Updated by ben leinfelder about 15 years ago
In terms of the credentials - we can now include them in the configuration xml file that is used by the command line version of Kepler: ConfigNoGUIWithCache.xml
<property name="_domain" class="ptolemy.kernel.util.StringAttribute" value="KNB,DEV" />
<property name="_username" class="ptolemy.kernel.util.StringAttribute" value="uid=kepler,o=unaffiliated,dc=ecoinformatics,dc=org" />
<property name="_password" class="ptolemy.kernel.util.StringAttribute" value="kepler" />
but with the correct user for the TPC group
Updated by ben leinfelder almost 15 years ago
script-based execution still works. There's a slight problem on the Metacat side for the first MOML DTD...but that's on it's way to being resolved.
The report for my test was blank, however...that's a problem.
Updated by ben leinfelder almost 15 years ago
stylesheet issue on the Metacat side of things -- now fixed.
Updated by ben leinfelder almost 15 years ago
installed on my local system - did a roundtrip:
-upload workflow+report
-schedule
-wait
-view PDF report when complete
There are a few minor Metacat updates to be committed, but otherwise things are still working.
Updated by ben leinfelder almost 15 years ago
Need to move the authentication credentials from the old config system (ptolemy-based) to the new configuration.xml system.

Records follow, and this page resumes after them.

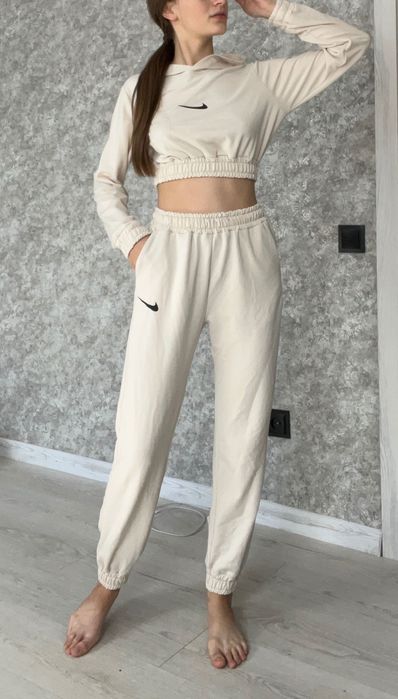 Жіночий спортивний костюм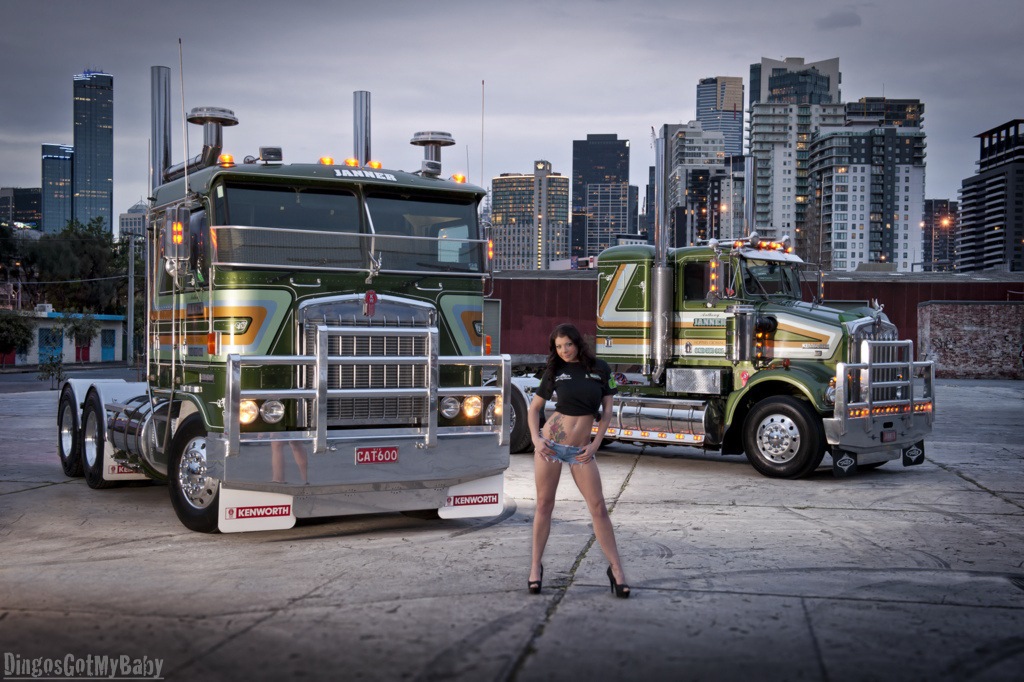 Девушки и грузовики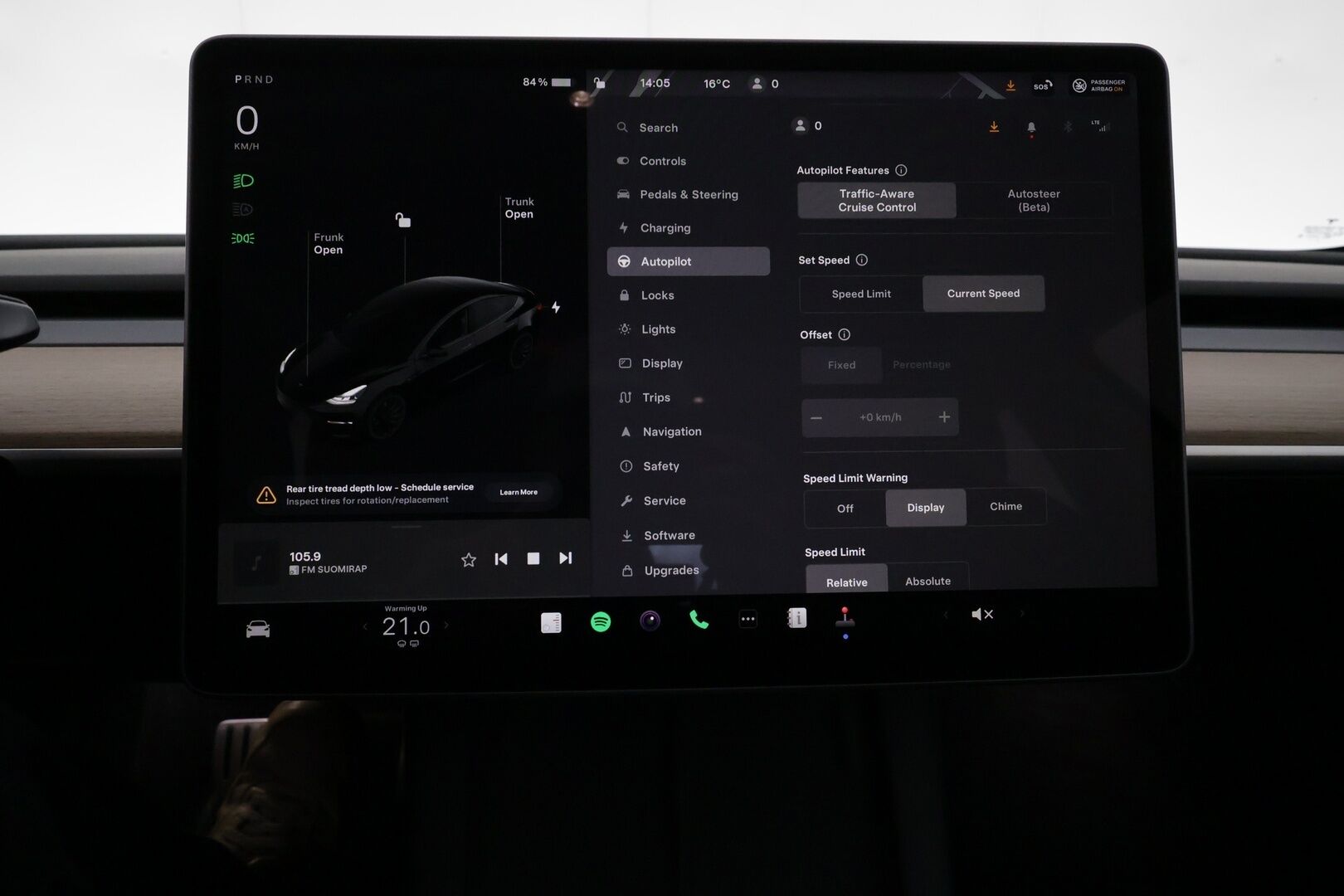Tesla Model 3 2023 Performance - 3,99 % KORKOTARJOUS TÄHÄN AUTOON - 1Om Suomiauto / Autopilot / ILP / Premium Audio / Kattokaiteet / 2x Renkaat aluvantein / Aviloo akkutesti 96/100!
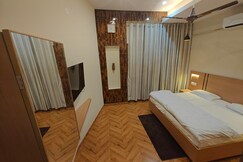 Desert Crown Hotel & Restaurant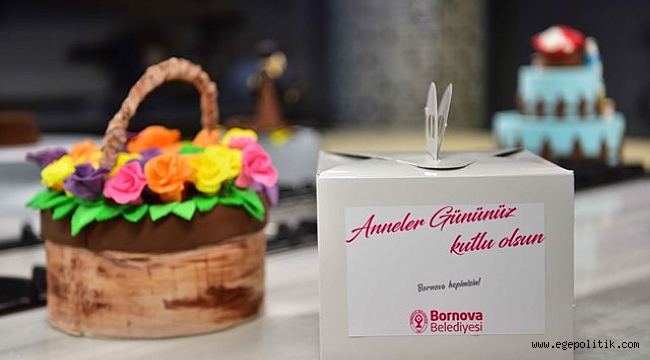 İduğ şehit annelerine elleriyle pasta yaptı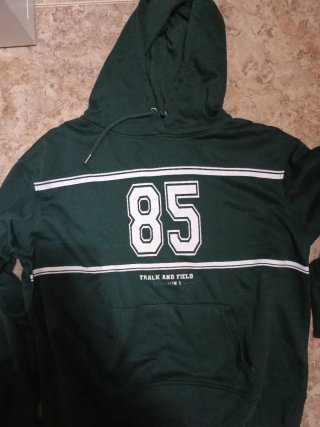 Sudadera Verde con Estampado 85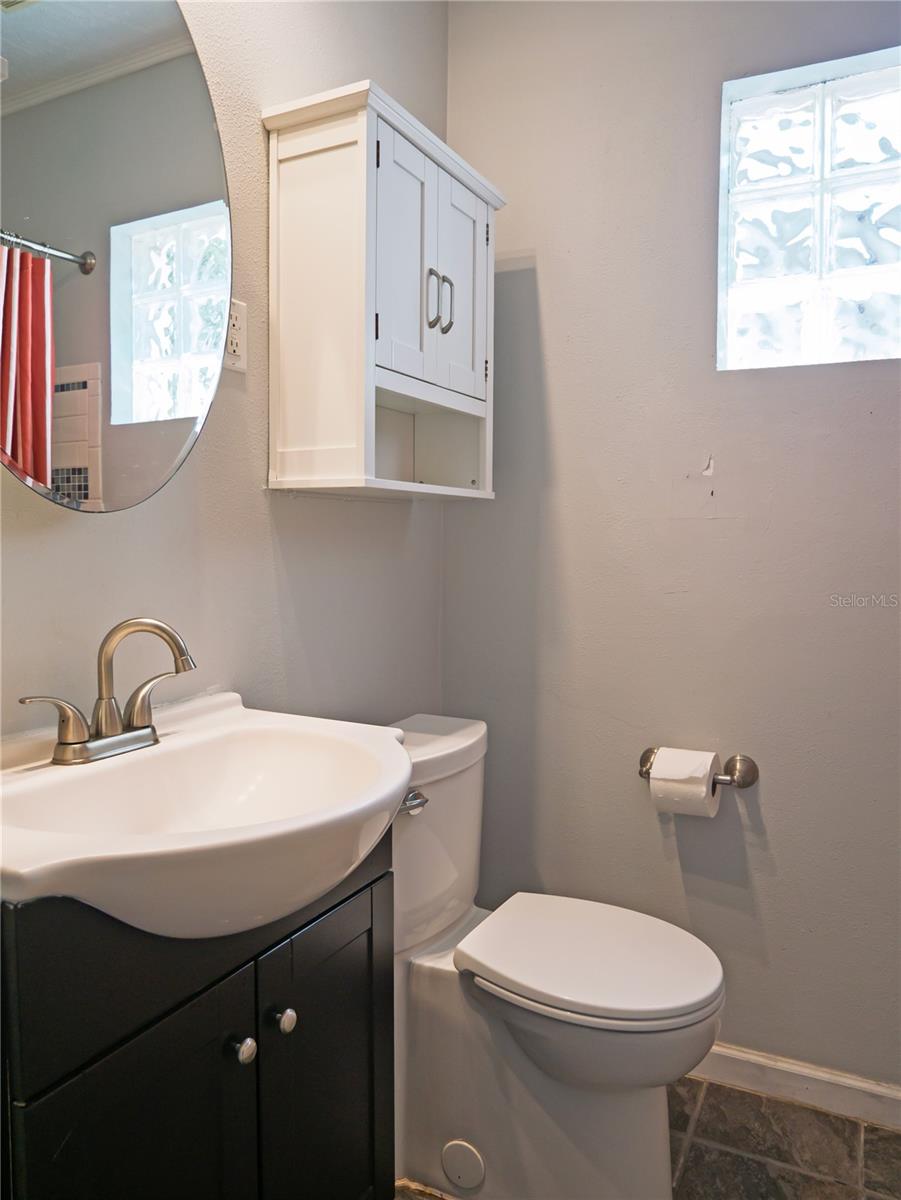 Listing photo id 17 for 1620 15th Street N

Seems as if we will not be passing these params on the commandline, so a purely configuration-based approach will suffice for now.
Updated by Derik Barseghian over 14 years ago
Hey Jing and/or Ben, could you give an update on this bug?
Updated by ben leinfelder over 14 years ago
I know in early february I was able to use the commandline to execute a KAR (after some tweaks) and then Josep was unknowingly helping us make enhancements.
As long as the commandline execution works, I think the webservice-based execution is pretty straightforward.
We should update the dev (metacat) server to have a more recent WRP build of Kepler and make sure the TPC scheduling system is configured to use it.
Updated by Jing Tao over 14 years ago
Early of March, I installed an execution engine on my local machine. I finished a full a cycle - uploaded a kar file from kepler to the server, searched the kar file on the web site, scheduled a job and the job was executed successfully.
So I think the engine works. But it may still need some improvement.
Updated by Jing Tao over 14 years ago
so far the engine works. I am closing the bug.